Oh this is amazing! Apparently is traditional Russian balalaika music, since I have never heard Russian balalaika music before I could not tell you if it is any good, or whether it is actually balalaika music or not, but that's beside the point, basically it was a little dude sitting on a stool, singing and strumming his little heart out - awww bless. According to the website it is played by Bibs Ekkel and he is apparently "widely considered as one of the top masters of the balalaika" outside Russia. In the nicest possible way, either not many people play balalaika or it is really, really difficult to master!
All joking aside, it was nice to have a bit of live music and it did provide us with about an hours worth of entertainment whilst we were trying to decide what he was singing, for all we knew he could be singing profanities at us!
The food is reasonable in price and we were all unsure of what to expect, one reason that I chose this restaurant is that it had a good selection of food for veggies (my sister), and as she eats fish, there was an better than average selection of things she could have.
There are set menus which are all very reasonable, and they range from £22.50 to £36.50 for a three course meal & coffee.
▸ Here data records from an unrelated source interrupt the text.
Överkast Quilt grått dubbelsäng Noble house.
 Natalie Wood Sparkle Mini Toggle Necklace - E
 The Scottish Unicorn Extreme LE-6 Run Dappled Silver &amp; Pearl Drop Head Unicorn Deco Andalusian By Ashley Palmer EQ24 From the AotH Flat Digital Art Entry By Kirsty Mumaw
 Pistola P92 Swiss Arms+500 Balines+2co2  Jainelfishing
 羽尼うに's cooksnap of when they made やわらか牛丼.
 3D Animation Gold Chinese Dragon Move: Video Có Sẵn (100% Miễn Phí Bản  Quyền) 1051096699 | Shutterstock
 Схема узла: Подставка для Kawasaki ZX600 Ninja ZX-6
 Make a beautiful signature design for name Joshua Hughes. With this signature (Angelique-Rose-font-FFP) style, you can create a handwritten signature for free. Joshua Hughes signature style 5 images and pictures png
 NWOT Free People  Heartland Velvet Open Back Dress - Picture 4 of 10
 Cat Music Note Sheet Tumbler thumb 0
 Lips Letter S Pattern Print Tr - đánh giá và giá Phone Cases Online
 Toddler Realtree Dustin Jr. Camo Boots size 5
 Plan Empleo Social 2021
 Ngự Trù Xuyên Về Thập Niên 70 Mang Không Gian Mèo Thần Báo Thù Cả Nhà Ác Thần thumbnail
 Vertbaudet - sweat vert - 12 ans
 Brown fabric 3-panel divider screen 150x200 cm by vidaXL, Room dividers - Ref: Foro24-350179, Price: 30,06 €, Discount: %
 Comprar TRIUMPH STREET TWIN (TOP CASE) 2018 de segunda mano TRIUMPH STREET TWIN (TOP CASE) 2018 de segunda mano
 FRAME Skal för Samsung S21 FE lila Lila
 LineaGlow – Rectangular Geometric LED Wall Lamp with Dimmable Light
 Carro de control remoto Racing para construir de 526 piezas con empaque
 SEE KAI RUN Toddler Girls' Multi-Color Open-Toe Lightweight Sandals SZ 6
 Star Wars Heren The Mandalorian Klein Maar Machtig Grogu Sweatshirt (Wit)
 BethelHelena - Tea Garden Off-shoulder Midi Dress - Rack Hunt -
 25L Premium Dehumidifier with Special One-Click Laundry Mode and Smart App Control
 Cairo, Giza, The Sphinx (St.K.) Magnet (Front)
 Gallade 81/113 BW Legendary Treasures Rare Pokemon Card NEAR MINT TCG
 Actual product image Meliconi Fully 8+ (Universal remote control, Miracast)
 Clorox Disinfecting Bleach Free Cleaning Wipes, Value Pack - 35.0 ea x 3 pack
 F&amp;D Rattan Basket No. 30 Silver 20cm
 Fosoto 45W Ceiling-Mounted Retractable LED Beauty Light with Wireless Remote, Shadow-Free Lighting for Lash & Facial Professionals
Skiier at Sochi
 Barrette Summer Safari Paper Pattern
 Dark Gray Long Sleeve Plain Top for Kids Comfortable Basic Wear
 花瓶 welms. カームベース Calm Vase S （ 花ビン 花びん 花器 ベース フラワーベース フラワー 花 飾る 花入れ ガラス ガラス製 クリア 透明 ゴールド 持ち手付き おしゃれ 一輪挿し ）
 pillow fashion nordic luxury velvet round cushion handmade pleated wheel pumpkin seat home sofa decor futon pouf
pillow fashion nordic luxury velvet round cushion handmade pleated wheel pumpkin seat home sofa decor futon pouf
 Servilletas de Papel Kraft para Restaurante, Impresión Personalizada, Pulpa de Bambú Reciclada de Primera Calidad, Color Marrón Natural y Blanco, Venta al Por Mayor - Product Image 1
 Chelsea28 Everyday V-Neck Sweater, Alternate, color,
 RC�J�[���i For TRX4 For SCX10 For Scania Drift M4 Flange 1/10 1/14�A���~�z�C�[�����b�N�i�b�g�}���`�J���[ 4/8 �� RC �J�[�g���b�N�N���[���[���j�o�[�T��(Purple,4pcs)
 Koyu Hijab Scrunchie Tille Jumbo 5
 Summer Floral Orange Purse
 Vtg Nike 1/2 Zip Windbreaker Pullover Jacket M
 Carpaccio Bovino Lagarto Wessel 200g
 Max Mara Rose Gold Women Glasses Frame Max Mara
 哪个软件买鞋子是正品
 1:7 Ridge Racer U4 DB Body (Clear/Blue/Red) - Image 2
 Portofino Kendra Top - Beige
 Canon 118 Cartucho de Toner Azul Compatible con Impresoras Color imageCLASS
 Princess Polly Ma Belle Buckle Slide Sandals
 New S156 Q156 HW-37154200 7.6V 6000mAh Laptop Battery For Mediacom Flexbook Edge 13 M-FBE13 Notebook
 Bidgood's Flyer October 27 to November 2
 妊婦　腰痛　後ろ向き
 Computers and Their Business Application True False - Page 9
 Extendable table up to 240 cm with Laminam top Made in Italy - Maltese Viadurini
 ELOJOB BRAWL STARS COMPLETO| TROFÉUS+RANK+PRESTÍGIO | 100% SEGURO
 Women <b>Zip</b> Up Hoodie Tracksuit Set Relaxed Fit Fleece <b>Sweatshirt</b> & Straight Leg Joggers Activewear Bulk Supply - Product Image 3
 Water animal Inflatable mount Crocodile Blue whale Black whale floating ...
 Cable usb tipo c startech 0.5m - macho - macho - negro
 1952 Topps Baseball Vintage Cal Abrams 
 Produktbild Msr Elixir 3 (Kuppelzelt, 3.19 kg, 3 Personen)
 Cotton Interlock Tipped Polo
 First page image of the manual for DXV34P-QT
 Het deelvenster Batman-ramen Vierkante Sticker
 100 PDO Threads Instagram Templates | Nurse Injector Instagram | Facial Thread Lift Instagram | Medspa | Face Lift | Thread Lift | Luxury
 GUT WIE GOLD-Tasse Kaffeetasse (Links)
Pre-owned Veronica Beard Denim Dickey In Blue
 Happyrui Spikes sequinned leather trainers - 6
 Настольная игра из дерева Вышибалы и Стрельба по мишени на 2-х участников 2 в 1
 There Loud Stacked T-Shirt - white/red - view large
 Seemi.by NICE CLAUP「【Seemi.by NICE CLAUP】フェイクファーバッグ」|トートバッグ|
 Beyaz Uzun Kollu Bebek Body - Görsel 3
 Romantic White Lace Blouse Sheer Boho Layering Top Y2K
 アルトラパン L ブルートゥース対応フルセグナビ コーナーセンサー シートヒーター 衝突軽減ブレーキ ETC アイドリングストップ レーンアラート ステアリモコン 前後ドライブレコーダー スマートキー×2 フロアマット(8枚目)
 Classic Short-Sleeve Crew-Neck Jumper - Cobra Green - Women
Which I think is very reasonable, as all the dishes available on the set menu are also available on the A La Carte menu.
Before moving onto the A La Carte menu, I feel I should mention the caviar menu, well it is Russian after all, there are three types of caviar available, prices start at £14.50 for salmon caviar (that orange stuff)
Onto the good stuff....
Every dish on the menu seems to be very Russian, or at least Russian looking, prices start from £3.50 for Blinis, served with sour cream, chopped onions and egg. In total there were 5 of us, and we opted for 3 portions of Pirozhki - 6 little parcels of pastry on a plate, 3 with a spicy lamb filling & 3 with cream cheese, blue stilton & spinach. These were very tasty, they are served warm and to be honest one portion is enough for two to share. The cheesy ones were very tasty there was a very mild taste of blue cheese, the lamb ones tasted almost like the meat in a pasty....mmmm very tasty!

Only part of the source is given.